TL;DR
This paper introduces MACD, a neural network that uses adversarial learning and masking to improve cell type deconvolution in spatial transcriptomics, addressing data discrepancies and noise.
Contribution
The novel MACD method aligns scRNA-seq and ST data in a unified space using adversarial learning and masking, enhancing deconvolution accuracy.
Findings
MACD outperforms existing methods on simulated datasets.
MACD achieves high accuracy on real spatial transcriptomics data.
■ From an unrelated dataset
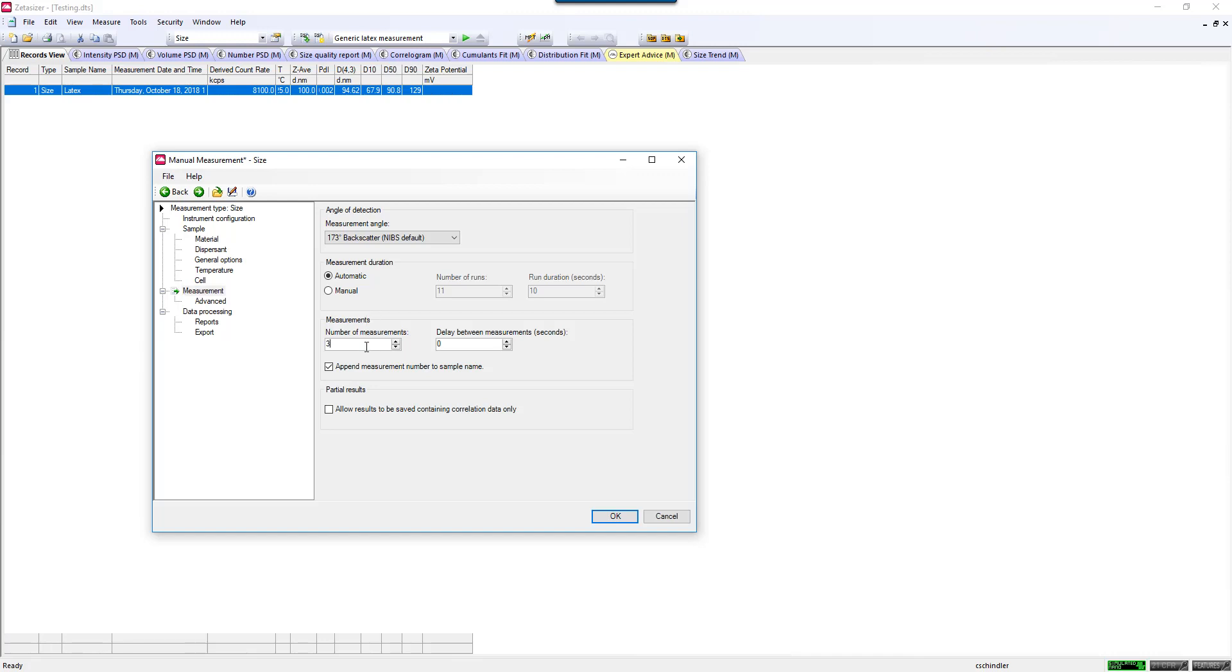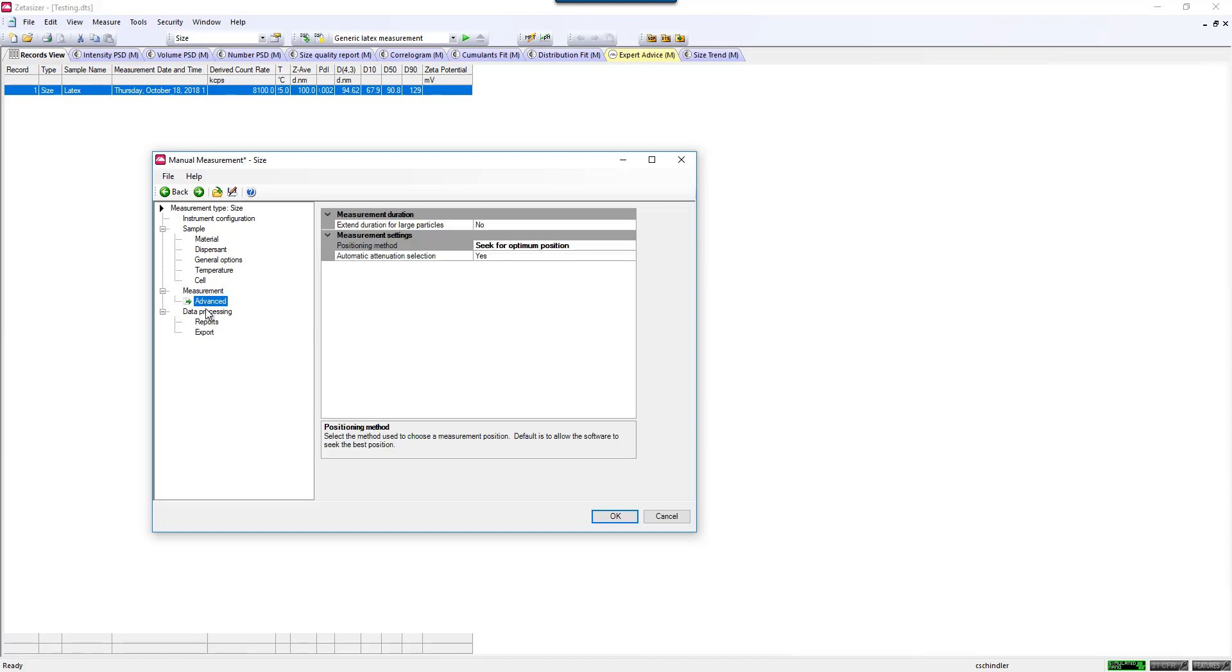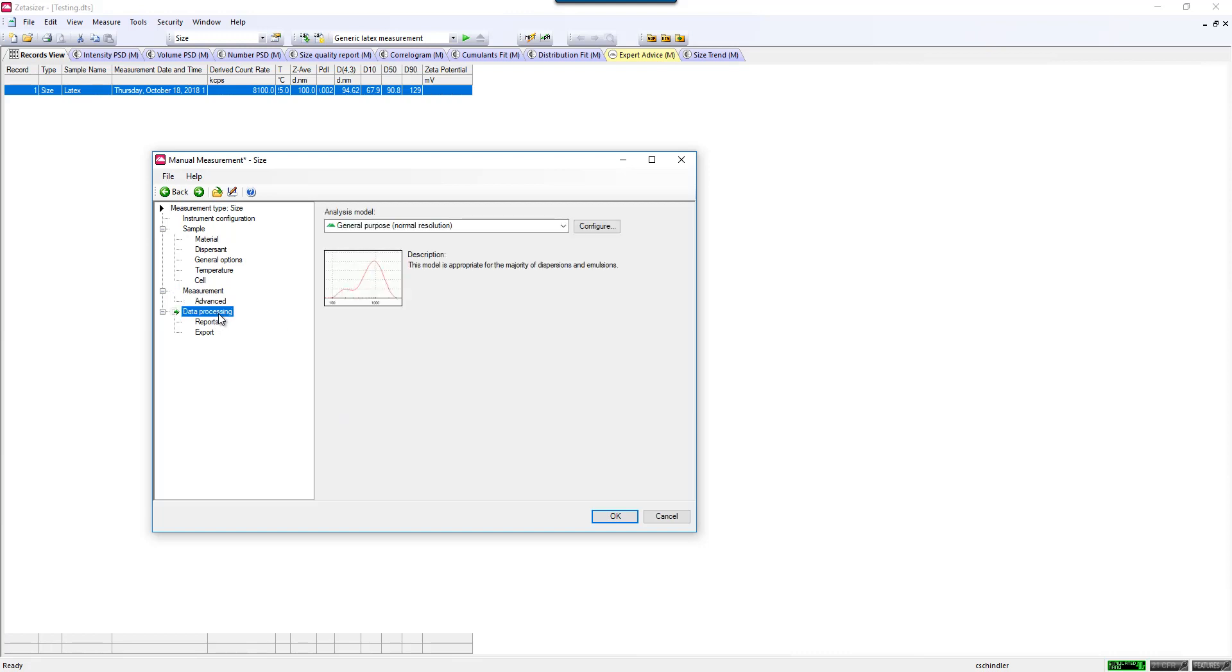You can do triplicate measurements, which I would probably recommend just to make sure that you're getting consistent data and your size is not trending one way, one direction or the other, which might suggest the sample might be sedimenting or aggregating during the course of the measurement. You can also add a delay time between measurements if you like. There are other advanced settings in here, but I will leave those to a different time.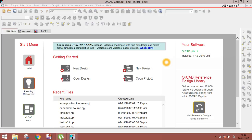Welcome back guys. In this tutorial I will cover another network theorem — the Superposition Theorem. This is the last theorem in our series of network theorems. I have already explained three theorems previously.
Code and datasets are publicly available for reproducibility.
Abstract
Accurately determining cell type composition in disease-relevant tissues is crucial for identifying disease targets. Most existing spatial transcriptomics (ST) technologies cannot achieve single-cell resolution, making it challenging to accurately determine cell types. To address this issue, various deconvolution methods have been developed. Most of these methods use single-cell RNA sequencing (scRNA-seq) data from the same tissue as a reference to infer cell types in ST data spots. However, they often overlook the differences between scRNA-seq and ST data. To overcome this limitation, we propose a Masked Adversarial Neural Network (MACD). MACD employs adversarial learning to align real ST data with simulated ST data generated from scRNA-seq data. By mapping them into a unified latent space, it can minimize the differences between the two types of data. Additionally, MACD uses masking…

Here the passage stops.